After Gov. Brown’s signature last week, California’s solar thermal incentives are officially extended, much to the delight of CALSEIA and the state’s solar industry.
“Using California’s warm sunshine to do something as simple as heating water is sensible for our state and a key way to protect public health, clean up our air, and support local good-paying jobs,” said Assemblymember Jacqui Irwin (D-Thousand Oaks), author of the bill. “I am pleased Governor Brown signed into law the extension of this important program.”
AB 797 extends the existing California Solar Initiative (CSI)-Thermal program for two years to 2020, seamlessly continuing the natural gas rebate program for homes, businesses and commercial swimming pools, such as at schools and community centers. The bill targets half of the funds for low-income housing and buildings in disadvantaged communities. It also expands eligibility for these rebates to homeowners in the San Joaquin Valley who currently use propane or wood to heat their water.
“The California solar thermal market is growing, especially in the multifamily housing sector – with 32% annual growth between 2015 and 2016 in annual natural gas savings,” said Kelly Knutsen, Senior Policy Advisor of the California Solar Energy Industries Association, a cosponsor of AB 797. “Governor Brown has been a long-time champion of clean energy and solar thermal technologies, and we applaud both Governor Brown and Assemblymember Irwin for their leadership in building California’s clean energy economy.”

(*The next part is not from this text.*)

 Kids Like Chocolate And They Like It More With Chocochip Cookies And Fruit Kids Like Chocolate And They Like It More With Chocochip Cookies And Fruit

“A major challenge to meeting our state’s climate goals – and one that not enough people are talking about – is that we have to heat our homes, businesses and schools without relying on dirty fossil fuels. Solar thermal fits the bill, while reducing our energy bills at the same time,” said Michelle Kinman, Clean Energy Advocate with Environment California, which cosponsored the bill. “We thank Governor Brown and Assemblymember Irwin for their leadership on encouraging low-carbon heat energy for cleaner air for all Californians.”
To date, solar thermal projects installed under the CSI-Thermal program reduced natural gas use across the state by over 6 million therms each year, equal to the annual amount of natural gas used to heat water for nearly 34,000 homes.
The new law states that the California Public Utilities Commission “shall implement program changes in phases, if necessary, to enable seamless continuation of the availability of rebates, and the administration and promotion of the program, as of January 1, 2018.”